Touraine se dit persuadé que “devenir acteur de sa propre vie, c’est l’essence de la politique”. C’est d’ailleurs l’échec des politiques publiques qui fait que “nous sommes maintenant face à un anti-acteur : le Front national” ; “c’est la négation de l’acteur, un refus, une destruction, un assassinat de la capacité d’action, de la démocratie”. Mais comment devenir un acteur de sa propre vie ?

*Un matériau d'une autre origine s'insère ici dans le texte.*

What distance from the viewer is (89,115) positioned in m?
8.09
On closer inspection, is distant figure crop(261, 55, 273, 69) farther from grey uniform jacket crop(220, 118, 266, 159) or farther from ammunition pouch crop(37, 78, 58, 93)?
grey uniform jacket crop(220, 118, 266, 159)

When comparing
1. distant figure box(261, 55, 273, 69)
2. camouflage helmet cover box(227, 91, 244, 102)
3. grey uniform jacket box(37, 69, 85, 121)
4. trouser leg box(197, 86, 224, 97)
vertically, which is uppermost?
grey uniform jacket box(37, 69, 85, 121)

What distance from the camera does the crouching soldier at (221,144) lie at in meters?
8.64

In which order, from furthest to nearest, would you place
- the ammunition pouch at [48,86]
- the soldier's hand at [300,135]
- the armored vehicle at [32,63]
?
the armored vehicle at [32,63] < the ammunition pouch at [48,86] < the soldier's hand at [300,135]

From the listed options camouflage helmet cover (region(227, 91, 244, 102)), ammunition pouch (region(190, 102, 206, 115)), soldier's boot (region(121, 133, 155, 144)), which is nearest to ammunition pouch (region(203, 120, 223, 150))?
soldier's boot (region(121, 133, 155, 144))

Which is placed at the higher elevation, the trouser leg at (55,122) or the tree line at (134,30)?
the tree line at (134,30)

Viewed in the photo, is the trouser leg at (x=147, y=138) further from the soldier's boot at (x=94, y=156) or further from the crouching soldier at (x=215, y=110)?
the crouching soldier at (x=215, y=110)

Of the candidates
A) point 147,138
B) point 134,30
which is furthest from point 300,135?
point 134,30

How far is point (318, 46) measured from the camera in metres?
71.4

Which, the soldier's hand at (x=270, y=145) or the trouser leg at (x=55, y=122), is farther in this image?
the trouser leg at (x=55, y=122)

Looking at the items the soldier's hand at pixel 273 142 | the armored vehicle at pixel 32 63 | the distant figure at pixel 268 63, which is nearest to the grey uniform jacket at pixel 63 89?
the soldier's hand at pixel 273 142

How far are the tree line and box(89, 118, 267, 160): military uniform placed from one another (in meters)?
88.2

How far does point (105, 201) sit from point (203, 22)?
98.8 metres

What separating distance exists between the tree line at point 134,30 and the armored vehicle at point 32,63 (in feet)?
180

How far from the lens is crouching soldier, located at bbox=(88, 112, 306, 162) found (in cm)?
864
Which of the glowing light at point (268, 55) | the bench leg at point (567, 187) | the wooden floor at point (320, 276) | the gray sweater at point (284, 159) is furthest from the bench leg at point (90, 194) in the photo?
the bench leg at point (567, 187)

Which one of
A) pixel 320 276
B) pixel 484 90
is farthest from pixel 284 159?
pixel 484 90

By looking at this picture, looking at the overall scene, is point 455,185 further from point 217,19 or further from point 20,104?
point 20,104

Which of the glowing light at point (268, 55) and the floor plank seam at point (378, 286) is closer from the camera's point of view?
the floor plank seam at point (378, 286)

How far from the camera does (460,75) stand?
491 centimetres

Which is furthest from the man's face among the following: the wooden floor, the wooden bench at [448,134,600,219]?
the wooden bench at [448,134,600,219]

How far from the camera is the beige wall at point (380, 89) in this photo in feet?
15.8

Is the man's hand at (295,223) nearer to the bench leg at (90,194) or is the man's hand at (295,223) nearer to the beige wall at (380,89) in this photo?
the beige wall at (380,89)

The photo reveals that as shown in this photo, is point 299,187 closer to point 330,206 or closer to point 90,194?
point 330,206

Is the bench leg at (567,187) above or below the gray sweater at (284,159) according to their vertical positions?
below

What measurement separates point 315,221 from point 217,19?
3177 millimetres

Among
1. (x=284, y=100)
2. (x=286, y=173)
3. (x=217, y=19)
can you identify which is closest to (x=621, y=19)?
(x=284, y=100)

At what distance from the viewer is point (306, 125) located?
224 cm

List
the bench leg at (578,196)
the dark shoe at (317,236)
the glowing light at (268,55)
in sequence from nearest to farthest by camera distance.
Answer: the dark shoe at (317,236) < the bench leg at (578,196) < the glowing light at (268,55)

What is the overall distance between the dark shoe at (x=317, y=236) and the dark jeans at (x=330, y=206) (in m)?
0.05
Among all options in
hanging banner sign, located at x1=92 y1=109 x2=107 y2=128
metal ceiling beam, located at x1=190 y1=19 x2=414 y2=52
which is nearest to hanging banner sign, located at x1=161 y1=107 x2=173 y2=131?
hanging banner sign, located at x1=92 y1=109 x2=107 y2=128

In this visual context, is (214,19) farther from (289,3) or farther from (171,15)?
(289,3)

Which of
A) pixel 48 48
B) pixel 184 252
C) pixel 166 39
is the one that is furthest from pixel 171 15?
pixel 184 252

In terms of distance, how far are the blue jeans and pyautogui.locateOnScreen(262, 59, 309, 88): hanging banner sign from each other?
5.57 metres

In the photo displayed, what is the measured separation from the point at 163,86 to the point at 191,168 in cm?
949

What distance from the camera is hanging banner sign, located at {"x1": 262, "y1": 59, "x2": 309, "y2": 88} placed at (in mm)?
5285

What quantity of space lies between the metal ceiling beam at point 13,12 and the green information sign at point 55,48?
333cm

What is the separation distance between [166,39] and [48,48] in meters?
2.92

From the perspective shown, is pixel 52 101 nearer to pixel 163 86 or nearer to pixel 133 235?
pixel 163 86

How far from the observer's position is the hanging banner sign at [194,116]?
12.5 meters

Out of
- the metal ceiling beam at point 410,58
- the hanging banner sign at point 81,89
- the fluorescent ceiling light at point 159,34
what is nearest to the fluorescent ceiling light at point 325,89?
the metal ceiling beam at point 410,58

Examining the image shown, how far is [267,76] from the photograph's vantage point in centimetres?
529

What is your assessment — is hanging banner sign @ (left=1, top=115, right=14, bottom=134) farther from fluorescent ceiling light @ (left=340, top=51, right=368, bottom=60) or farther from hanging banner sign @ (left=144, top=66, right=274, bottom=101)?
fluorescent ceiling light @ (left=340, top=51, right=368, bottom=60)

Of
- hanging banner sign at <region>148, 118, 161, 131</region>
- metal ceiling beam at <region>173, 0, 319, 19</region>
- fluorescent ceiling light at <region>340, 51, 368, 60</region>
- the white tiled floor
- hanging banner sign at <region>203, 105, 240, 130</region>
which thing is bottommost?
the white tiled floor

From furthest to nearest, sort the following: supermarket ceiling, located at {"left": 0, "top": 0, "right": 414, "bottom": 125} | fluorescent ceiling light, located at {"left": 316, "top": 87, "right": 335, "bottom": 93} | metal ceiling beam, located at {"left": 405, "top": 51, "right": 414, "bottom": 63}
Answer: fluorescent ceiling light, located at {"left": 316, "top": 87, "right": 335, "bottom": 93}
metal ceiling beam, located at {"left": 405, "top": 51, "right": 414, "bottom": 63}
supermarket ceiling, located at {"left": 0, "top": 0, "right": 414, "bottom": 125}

“Pour que l’individu devienne un acteur, il doit passer par le sujet, c’est-à-dire l’affirmation de droits universels. Je reviens aux Lumières”, précise-t-il. “Ce qui oblige à penser le sujet, c’est que le XXe siècle a été le siècle des totalitarismes : on a été nié comme sujet. Tout a été passé à la propagande, à la machine, au commerce, aux camps : nous n’avons jamais été autant mis à nu. On n’a plus rien après ça. Les partis, les syndicats, les idéologies, il n’y en a plus ; il n’y a rien. Je n’ai pas confiance dans les forces du positif.”
Le grand mouvement actuel de retour au sujet et de redécouverte des droits, qu’il diagnostique dans son livre, naît du vide qu’a laissé le siècle dernier. L’émergence, ces dernières années, de multiples mouvements de protestation de par le monde, des printemps arabes aux indignés, forme un signe d’un réveil démocratique évident, quoique largement inaccompli. La fin des sociétés, cela doit devenir, si ce ne l’est déjà un peu, cette amorce d’une voix collective affirmant le début d’autre chose : la renaissance d’un sujet démocratique, à laquelle Alain Touraine aura concouru toute sa vie.